ロシア軍の四大戦車

テック
イーゴリ・ロジン
 いずれもロシアと世界の歴史を形作る手助けをしてきた優れた戦車だ。

現役のベテラン戦車T-72BM

 現役の中で最古参なのがT-72BM「ウラル」だ。この戦車は1973年に採用され、今後も適宜改良を加えて運用され続けると見られる。

 これは最も多く量産された第2世代戦車で、現在までに3万両が生産されている。国内市場・国外市場に向けて数多くの派生版が作られている。

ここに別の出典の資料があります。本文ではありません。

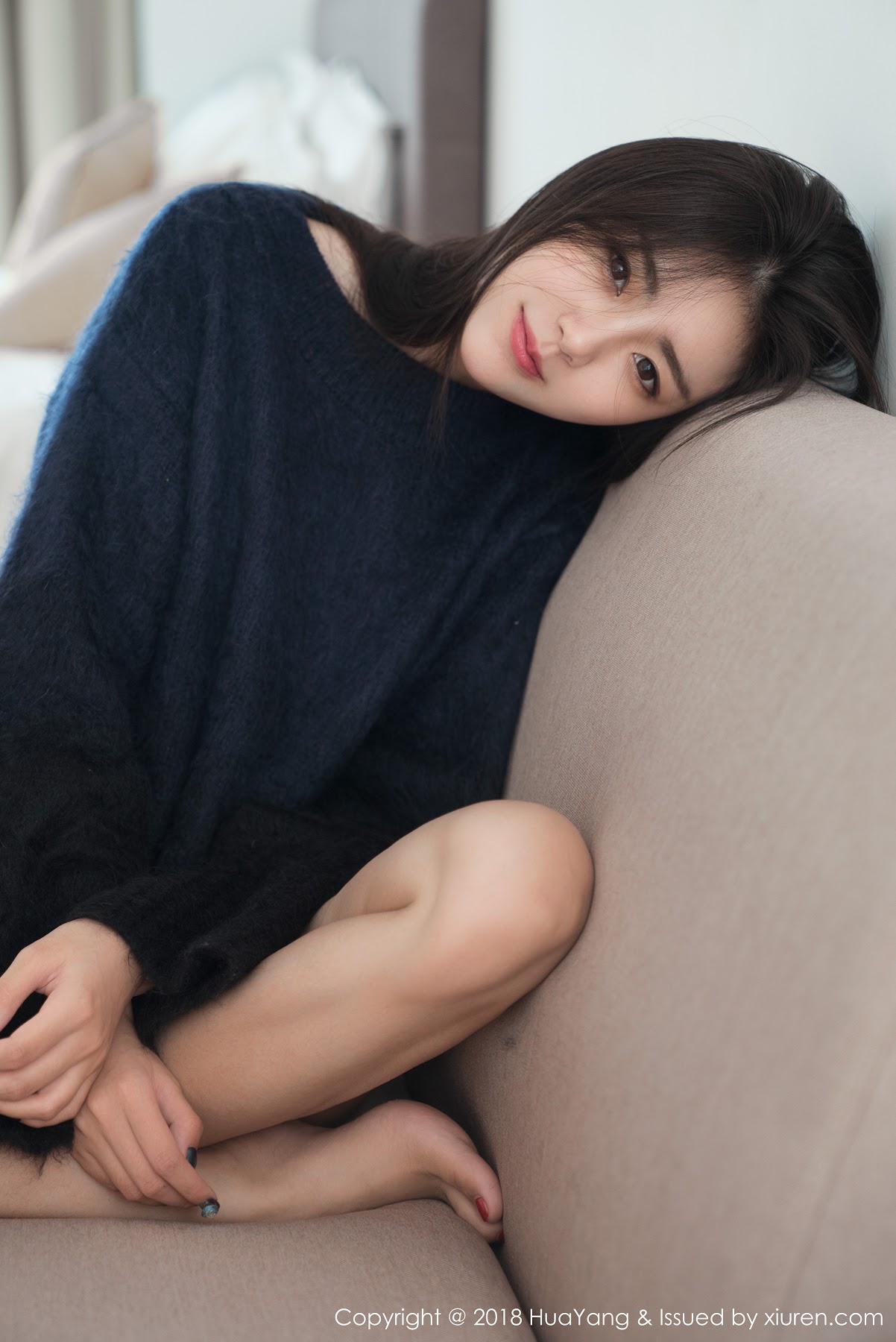 HuaYang 2018-01-23 Vol.027 Ke Le Vicky (可乐Vicky) - P12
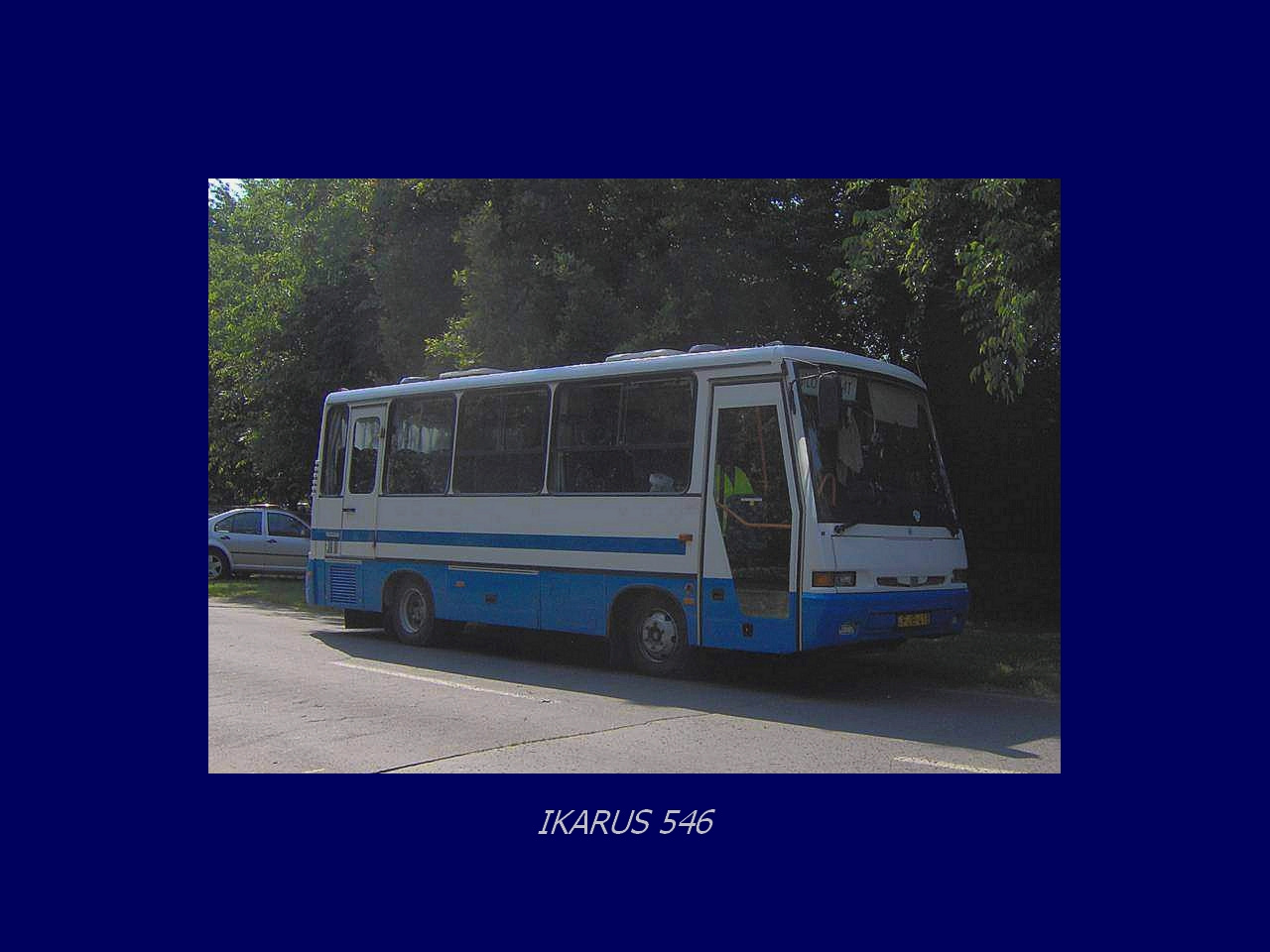 Magyar Busz, Ikarus 546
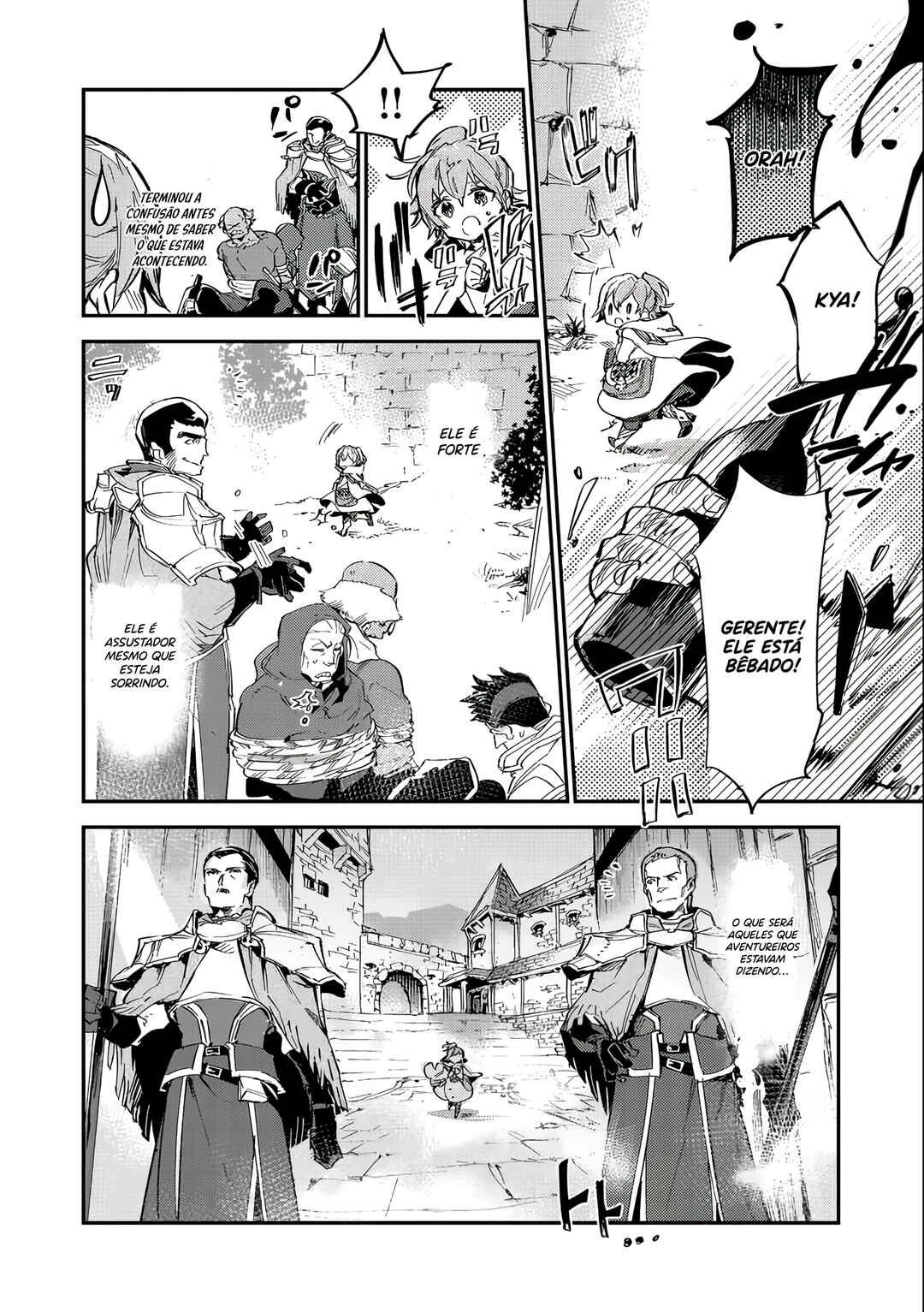 Saijaku Tamer wa Gomi Hiroi no Tabi wo Hajimemashita. @COMIC capítulo 7.2 página 11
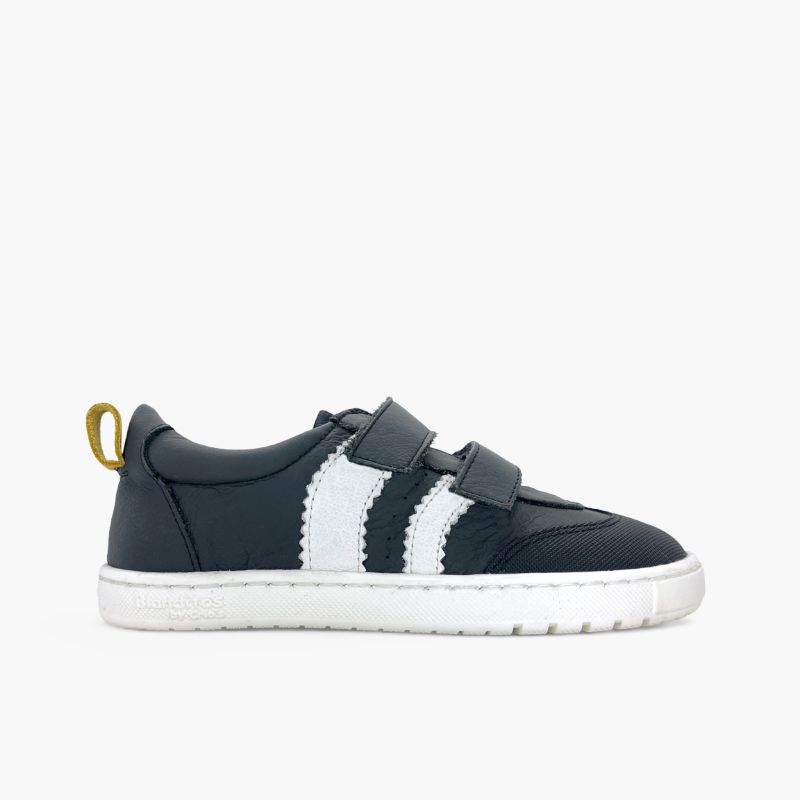 Side stripe trainers Blanditos large sizes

 T-72BMと他の第2世代戦車との違いは、自車に向かって飛んで来る敵の飛翔体を弾き落とせる「コンタクト5」爆発反応装甲を備えていることだ。

 また、この戦車は125 mm滑空砲を備えており、誘導ミサイルを発射できる。840馬力のV字型の多燃料ディーゼルエンジンにより、戦車は舗装路で時速60キロメートル、未舗装地で時速35~45キロメートルまで加速できる。

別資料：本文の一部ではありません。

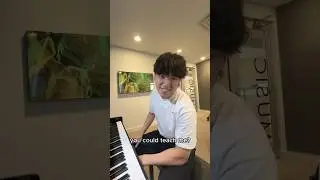 POV your date teaches you how to play Piano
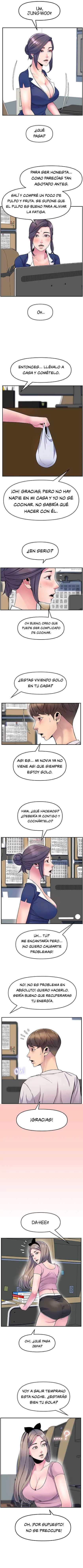 La Jefa De La Sala de Estudio Capitulo 30 página 9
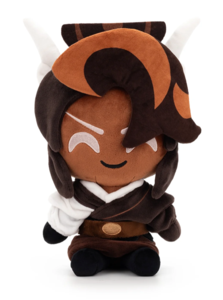 Youtooz Cookie Run Kingdom Caramel Arrow Cookie 9" Plush For Nice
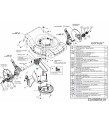 Pasek napędu tylny MTD, 53 cm, 754-04184-5248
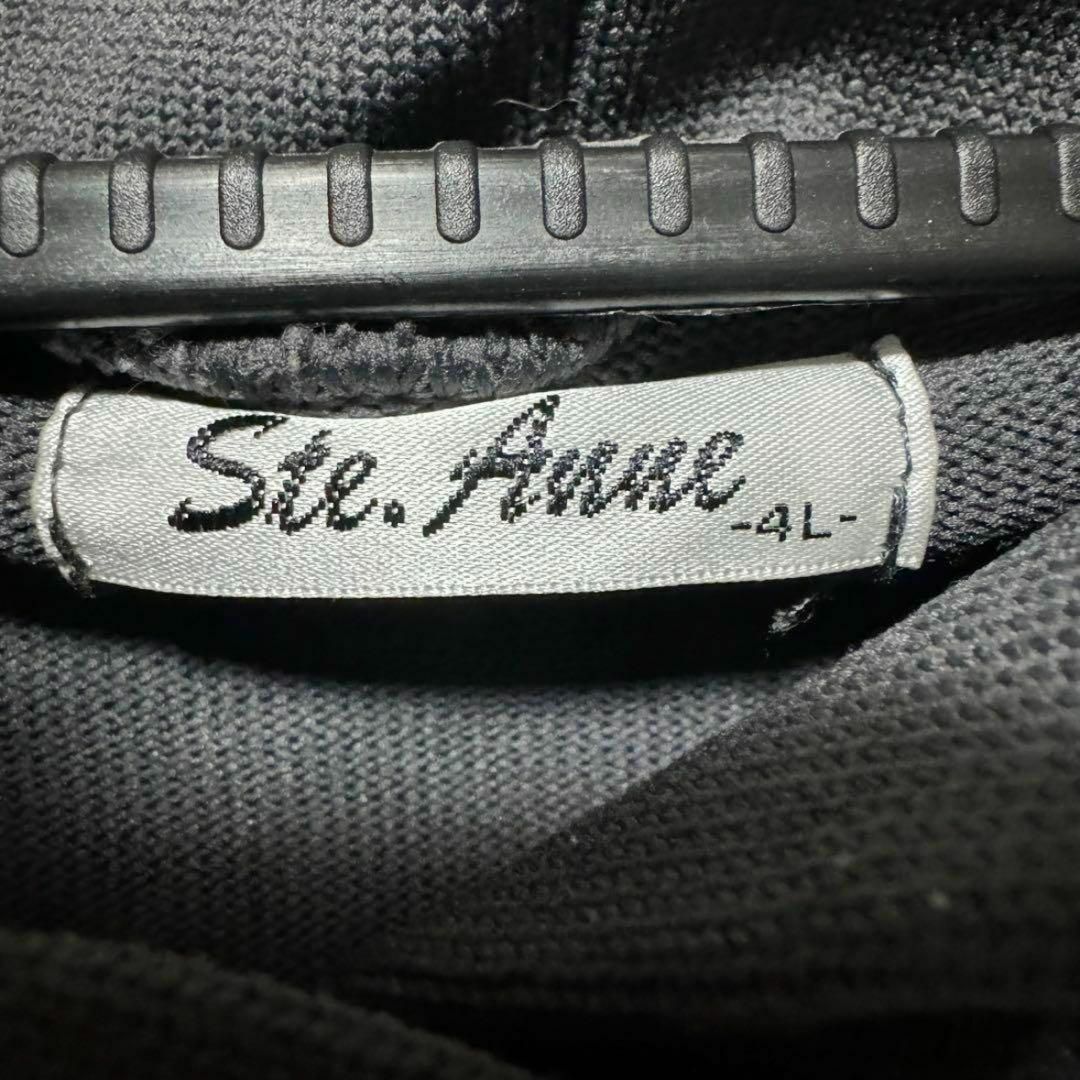 【希少】Ste. Anne フーディパーカー オーバーサイズ ゆるだぼ 無地 レディースのトップス(パーカー)の商品写真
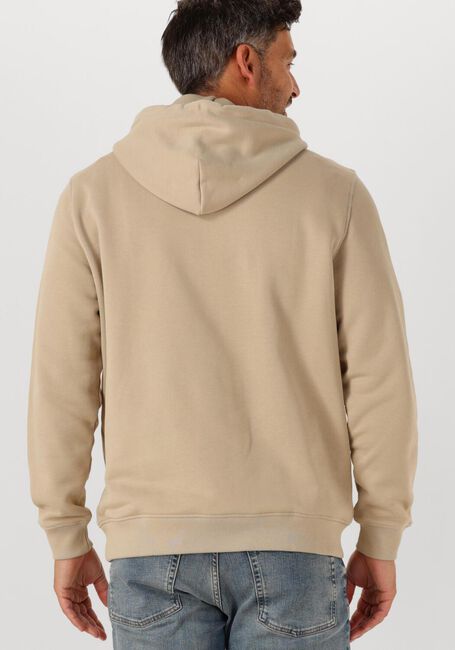 TOMMY JEANS Pull TJM REG BADGE HOODIE EXT en beige - large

 現在、約2000両のT-72BMとT-72B3が現役で運用されており、予備で約7000両が保管されている。

T-80

 これは世界で最初にガスタービンエンジンを採用した戦車で、その独特のエンジン音から「ヘリコプター」や「ジェット」と呼ばれることもある。レギュラーガソリン、灯油、ディーゼルエンジンを燃料として使える。緊急時には、燃料油、天然ガス、水性ガス、アルコール、船舶用燃料、さらには粉砕石炭を使うこともできる。

 T-80Uのエンジンは1250馬力だ。最高速度は舗装路で時速70キロメートル、未舗装地で時速45キロメートルだ。開発当時は新たな戦争が起こる可能性が非常に高かったため、この戦車はヨーロッパ全土を走破できるように作られている。エンジンは何でも燃料にでき、常に前進し続ける。だが、短所もあった。修理の技術的な難しさ、そして燃費の悪さだ。戦車は工場でしか修理できず、燃費は1キロメートル当たり8リットルである。ちなみに、ディーゼルエンジンのT-72は1キロメートル当たりわずか2~4リットルだ。 

T-90A「ウラジーミル」

 「ウラジーミル」という通称は戦車の開発責任者の名前から取られた。こうしてロシア政府は開発者を記念したわけである。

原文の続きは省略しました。